The findings of the current study should be interpreted in the context of several limitations. The use of a convenience sample recruited from the Australian community limits the generalisability of the findings (e.g. the majority of participants were tertiary educated). Furthermore, while participants in this study were regular internet users, their gambling frequency was low, which also has implications for the generalisability of the findings to end-users (i.e. gamblers or affected others seeking help for gambling-related problems). Additionally, while the power calculation indicates that the sample size per group was sufficient to detect differences between the two groups on the primary outcome (i.e. usability), some of the findings suggest that there may have been a lack of statistical power. Taken together, future research with larger sample sizes evaluating the usability of this chatbot on gamblers and affected others seeking help for gambling-related problems is required. As there are no available validated measures developed to assess the specific usability, user satisfaction, or user experience of chatbots [50], the measures employed in the current study were adapted from measures evaluating these constructs for websites. Therefore, while the measures selected were psychometrically sound for the evaluation of the website (and displayed good internal consistency in this evaluation of Lilibot), the psychometric properties of these measures in relation to chatbots are unclear. Similarly, the available norms were based on websites and not chatbots, therefore the comparisons made to explore the usability of Lilibot in comparison with the available norms should be interpreted with caution. Finally, while difficult to compare to other studies given the prevalence of bot-generated data in academic research is currently unknown, over half of the participants who completed the survey were identified as duplicate or fraudulent bot responses [51]. Future research should consider how to protect online surveys from such fraudulent bot responses [51]).

5 Conclusion

Notwithstanding the limitations previously discussed, findings from this study indicate that the usability of the NSW GambleAware website could be enhanced by the integration of a text-based chatbot.
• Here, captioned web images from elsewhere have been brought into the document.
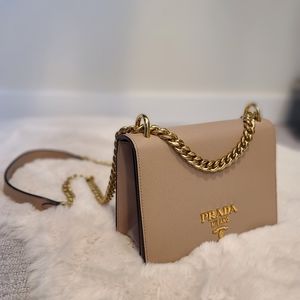 Prada - saffiano flap chain cross body bag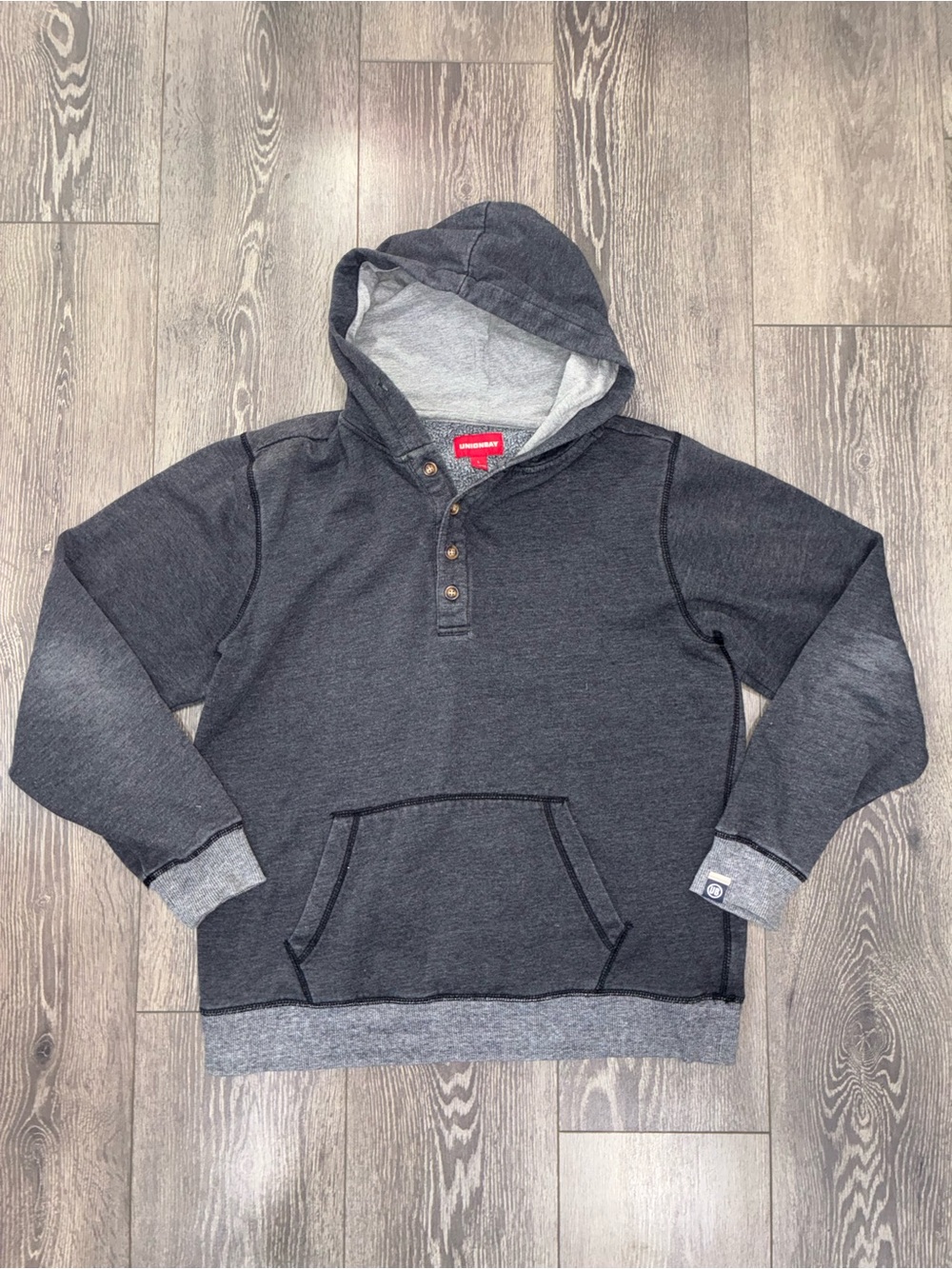 Vintage 90s UNIONBAY Men’s L Y2K Henley Hoodie with Gray Heathered Skater Punk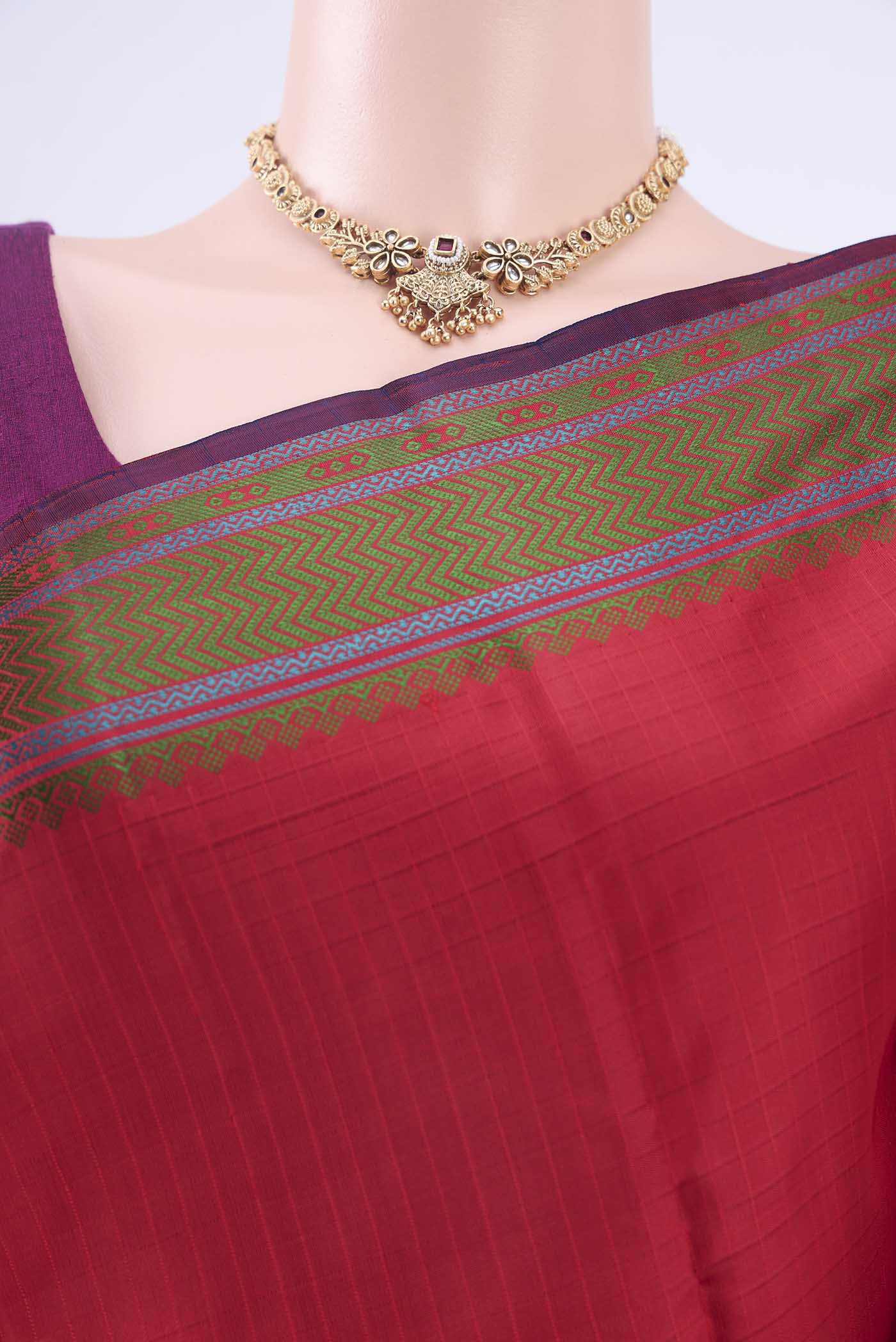 Deep Red Dual Tone Kanchipuram Silk Saree - Image 2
Specifically, the addition of a chatbot could enhance the overall usability of the website and key aspects of user satisfaction (i.e. system usefulness, information quality). Lilibot itself, however, could also be improved to further enhance the usability of the website by improving its aesthetics and interactivity. Further research employing samples of end-users (i.e. gamblers and affected others) is required to explore the usability of the website when this chatbot is added.